April 17, 2016
To say that I am obsessive about the subject of productivity in the workplace is an understatement. It is integral to much of the subject matter I write about, including the core theme contained in my book Don’t Worry About The Rent. Whilst undertaking research, it was important for me to get to the bottom of the decision making processes that many businesses go through when choosing office space. I was well aware of the predisposition for the commercial real estate industry to ask questions around size, cost and location, but I was particularly interested in what other issues might rise to the surface and become “top of mind” for management to consider around office choice. Predictably, I found that tenant surveys, including those undertaken by Colliers International confirmed that the two major issues management would consider were size and cost. The next biggest issue however was a surprise and it related to concerns around commuting.
With this discovery, the very first question that entered my head was; “how do transport options and office location affect staff productivity?” Fortunately, I was previously involved in research around this very issue, though with a particular bias associated with planning regimes and development outcomes comparing urban infill to development on the fringes. This research suggested a 6% productivity gain was available when people participated in active travel modes (defined as thirty minutes of walking or cycling per day). The main reason for this productivity improvement was due to a reduction in obesity and health risks for those undertaking “active” commuting.
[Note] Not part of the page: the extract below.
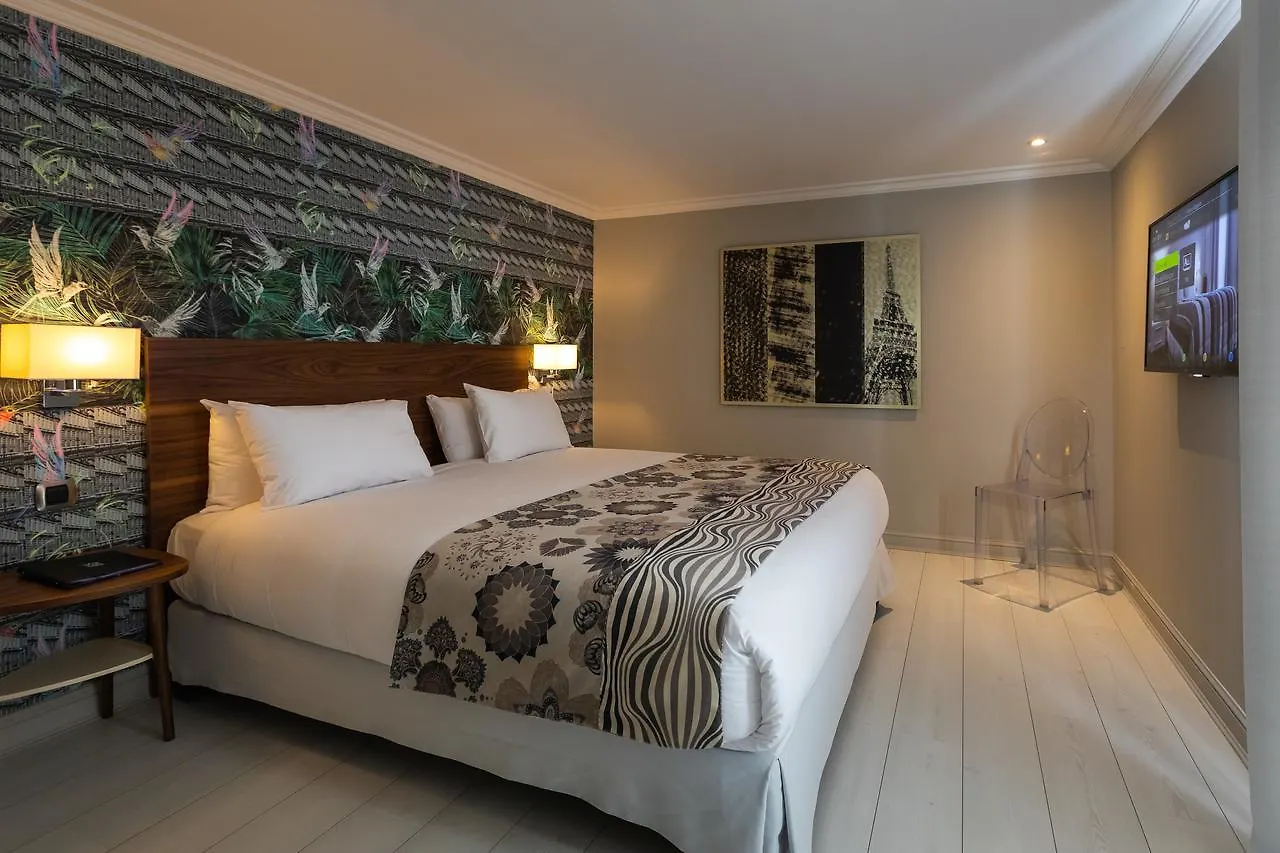 Residence & Spa Le Prince Regent Paris 4*,  Frankreich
Active travel is of course enabled by making use of effective and efficient public transport systems, but what’s really interesting is that that workplace productivity improvements as little as 6-10 percent may be sufficient to completely offset office rental costs.
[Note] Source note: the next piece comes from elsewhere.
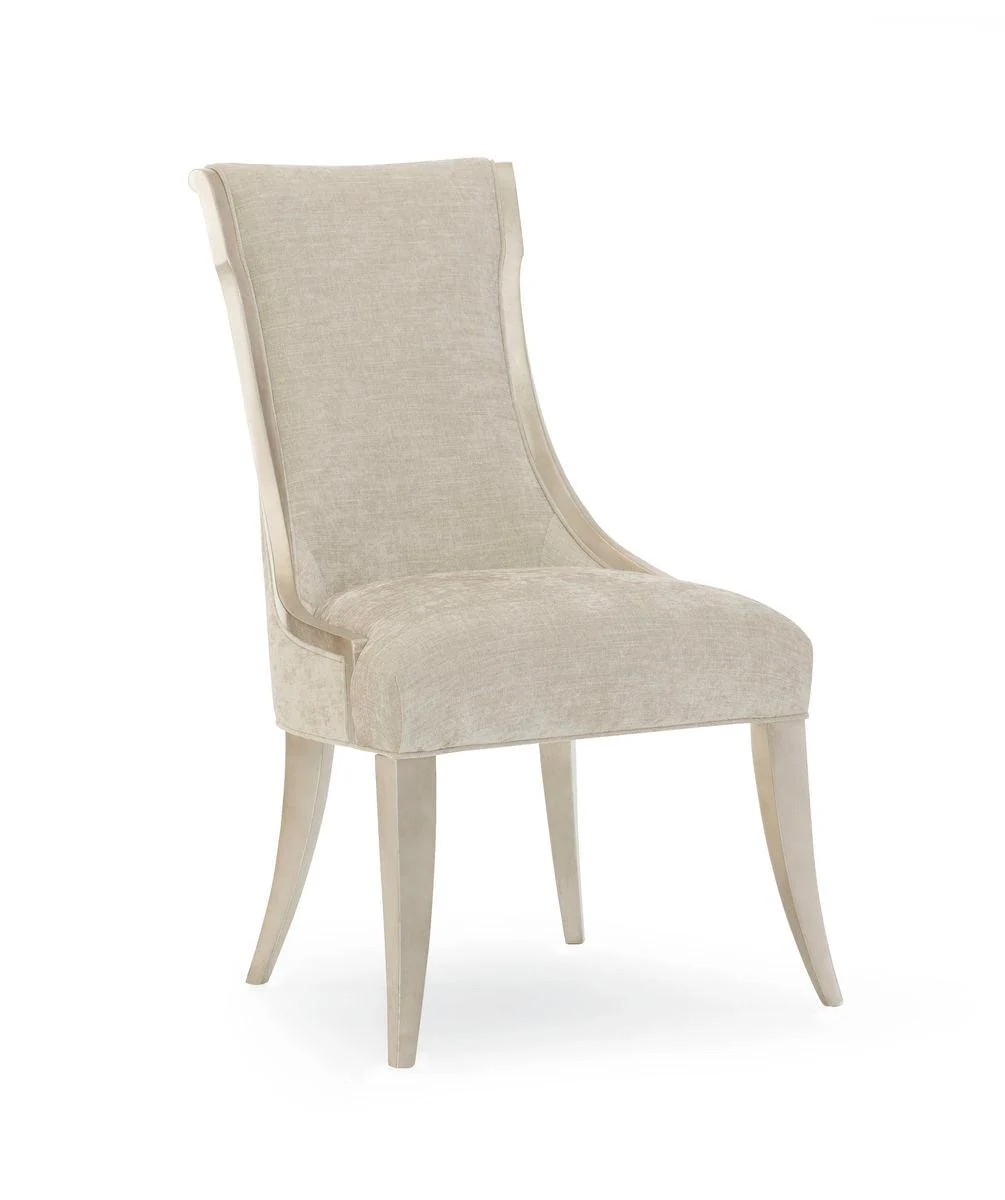 AVONDALE SIDE CHAIR - Frankwebs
It is well documented that there are a variety of influences on staff productivity, from healthy environments to workplace culture and happiness, but the ability for staff to find time to think, relax and recover is often overlooked. Increasingly there are also multiple opportunities for staff to take advantage of the use of FREE Wi-Fi services on public transport systems. Whether this is to undertake additional work or catch-up on emails or perhaps even to take advantage of their commute to find some downtime. This could be achieved by making use of the multitude of recreational and entertainment apps that are now widely available on almost any smart phone, tablet or mobile computer.
A productive commute
A productive commute could be as simple as the ability to read a book, have a nap, get some incidental exercise through participating in active transport, or catch-up on emails and phone calls. All of which could in some way improve either personal or professional productivity.
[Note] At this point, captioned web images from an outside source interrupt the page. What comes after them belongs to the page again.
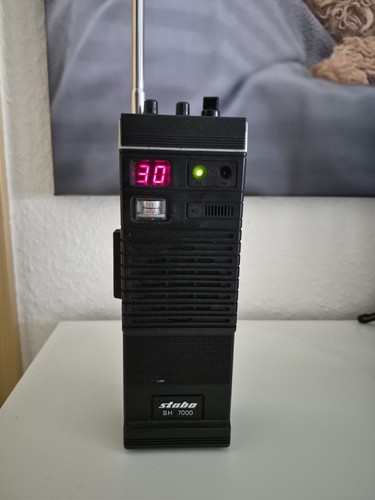 Stabo sh7000 - stabo,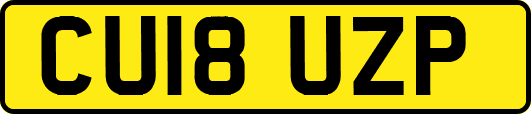 CU18UZP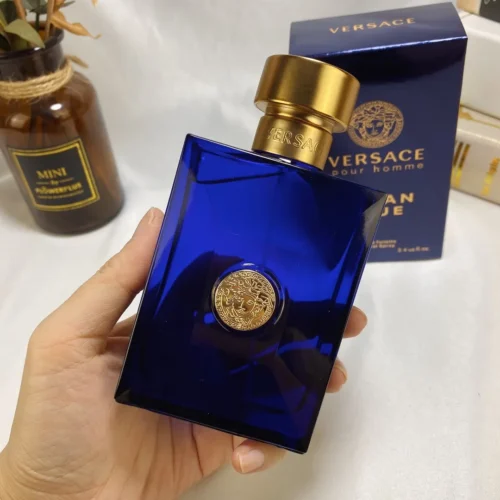 Versace Dylan Blue Pour Homme Men's Fragrance 100ml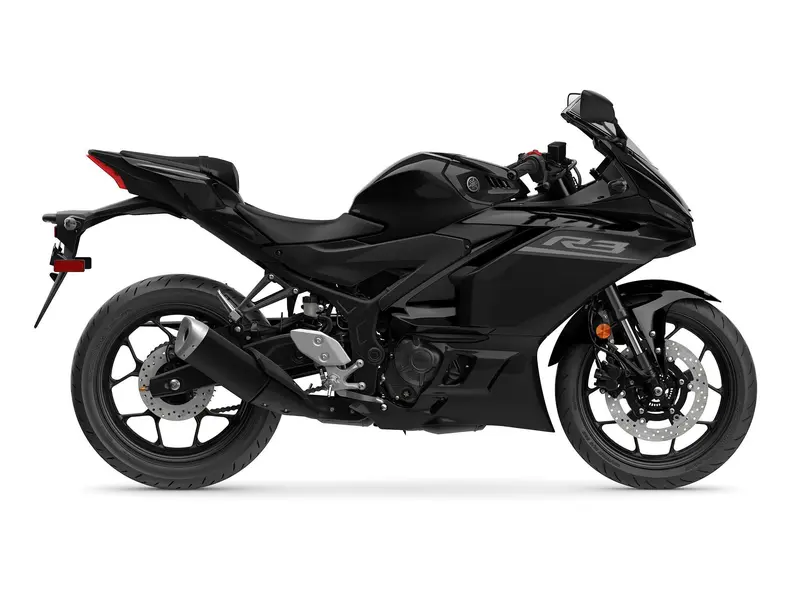 Yamaha YZF-R3 ABS 2026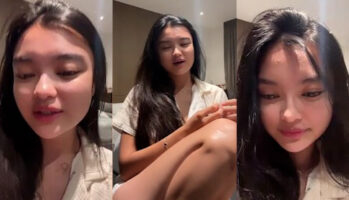 Bokep Indo Abella No Bra Challange Ajak Bobo Bareng Instagram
My advice to all businesses that are thinking about their next office choice, is that the conversation around location needs to be a strategic one. Once you have determined a short list of options, you should then seriously consider the opportunities associated with increasing staff productivity via either “active”, “restful” or in some ways “gratifying” use of public transport. To do this, you will need to consider the following issues; –
- Ensure the location of your office is nearby multiple public transport modes and consider whether their frequency of service will meet the needs of your staff
- Prioritise “end of trip” facilities for use by cyclists in your office
- Enable your staff’s mobility through the effective use of their mobile devices
So, forget about cars and non-essential car-parking, as this should only be required for “on the road” salespeople or pool cars. Concentrate instead on how you can encourage staff to participate in cycling, walking and public transport use. The result? Healthier, happier and more productive staff and the associated opportunities for these benefits to contribute to offsetting the costs of your office rent.